Sięgnęłam po "Podpalacza" po entuzjastycznej opinii @Johnsona oczekując wyjątkowego kryminału i odskoczni od moich standardowych lektur. To drugie udało się osiągnąć ale co do pierwszego nie jestem usatysfakcjonowana.
Do plusów zaliczam całkiem zgrabnie opisane realia i ciekawy wątek kryminalny. Postaci drugoplanowe wypadły bardzo dobrze - gwiazdka jednego przeboju i jej matka, hazardzista, koledzy głównego bohatera z komendy - rzadko kiedy coś mi zgrzytało. Natomiast mam zarzuty co do wątku małżeńskiego komisarza Mortki, zupełnie moim zdaniem niewiarygodny, jeszcze słabiej wypadła kwestia pracy jego eks-żony, jej rozterek (ziew). Scena kulminacyjna wyglądała jak kolaż Harrego Hole z dowolnym innym gliniarzem kaskaderem (kolejny ziew). I tu wracam do kreacji głównego bohatera, rzeczonego komisarza Mortki, takiego och i ach, skrzywdzonego przez żonę i system, a przecież w wielu sytuacjach po prostu nieogarniętego, aż zgrzytałam zębami. Nie ma w sobie uroku ani Brudnego Harrego ani porucznika Columbo.
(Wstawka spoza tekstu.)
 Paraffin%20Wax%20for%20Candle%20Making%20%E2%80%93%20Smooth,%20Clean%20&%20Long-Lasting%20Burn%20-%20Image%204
Językowo autor nie zachwycił, ubogie słownictwo, powtórzenia, zdecydowanie zabrakło dokładnej redakcji. Muszę jednak przyznać, że te niedoróbki zauważam dużo częściej w słuchaniu niż lekturze naocznej książki.
Biorąc jednak pod uwagę, że to debiut Chmielarza pewnie raz jeszcze dam mu szansę.